__Given data__.
☆ ☆ ☆ ☆ ☆ ☆ ☆

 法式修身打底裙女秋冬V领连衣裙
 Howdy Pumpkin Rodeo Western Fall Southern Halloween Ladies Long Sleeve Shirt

☆ ☆ ☆ ☆ ☆ ☆ ☆

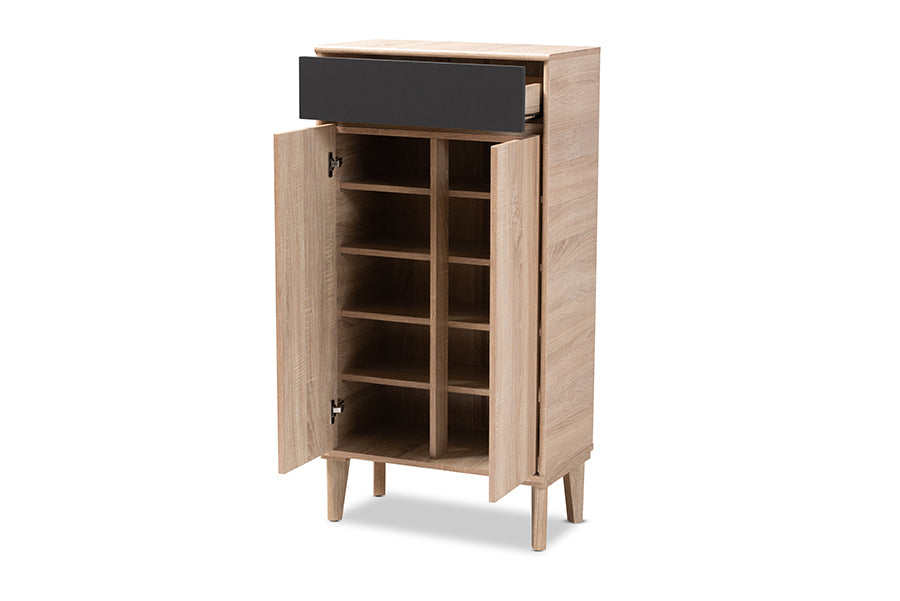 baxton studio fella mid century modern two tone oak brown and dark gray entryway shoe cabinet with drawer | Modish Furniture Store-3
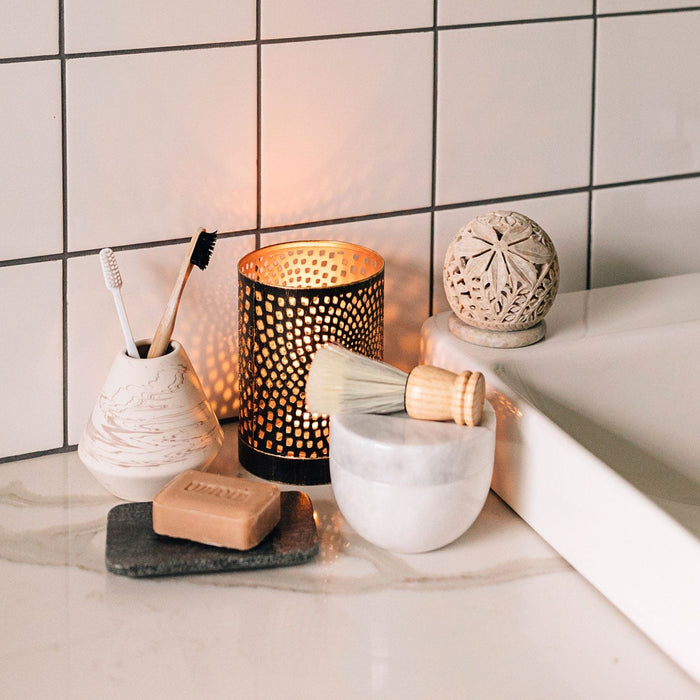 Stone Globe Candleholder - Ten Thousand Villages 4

☆ ☆ ☆ ☆ ☆ ☆ ☆

__Task item__. In the listing above, the lines from the one containing "法式修身打底裙女秋冬V领连衣裙" through the one containing "Howdy Pumpkin Rodeo" must be set down exactly, with no other lines.

__Task response__.
 法式修身打底裙女秋冬V领连衣裙
 Howdy Pumpkin Rodeo Western Fall Southern Halloween Ladies Long Sleeve Shirt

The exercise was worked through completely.